Directions for this task ▸ With the images removed, write out every line below exactly.
** Data excerpt follows **
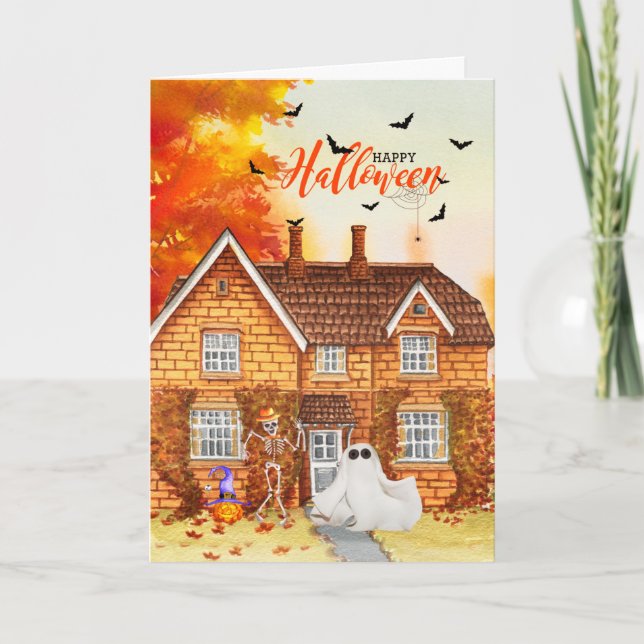 Tarjeta Festiva Halloween Otoño en otoño (Anverso)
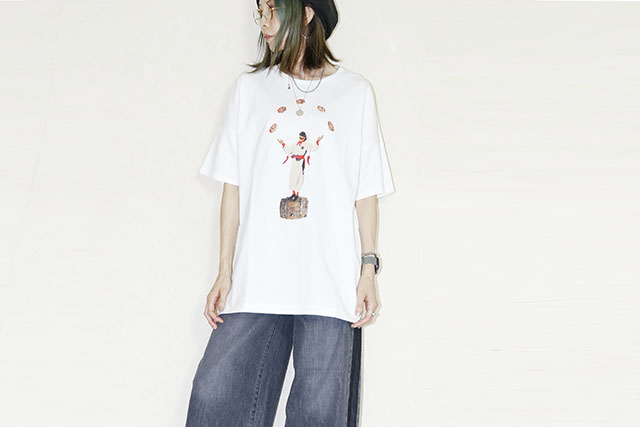 STOF（ストフ）  PIZZA OF LIFE TEE 　SF25AW-21Bwhite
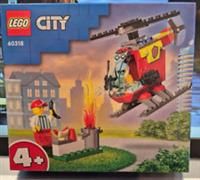 LEGO 60318 City Fire Helicopter Toy for Preschool Boys and Girls 4 Years Old, with Firefighter Minifigure & Starter Brick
** End of Data excerpt **
Output for this exercise ▸
 Tarjeta Festiva Halloween Otoño en otoño (Anverso)
 STOF（ストフ）  PIZZA OF LIFE TEE 　SF25AW-21Bwhite
 LEGO 60318 City Fire Helicopter Toy for Preschool Boys and Girls 4 Years Old, with Firefighter Minifigure & Starter Brick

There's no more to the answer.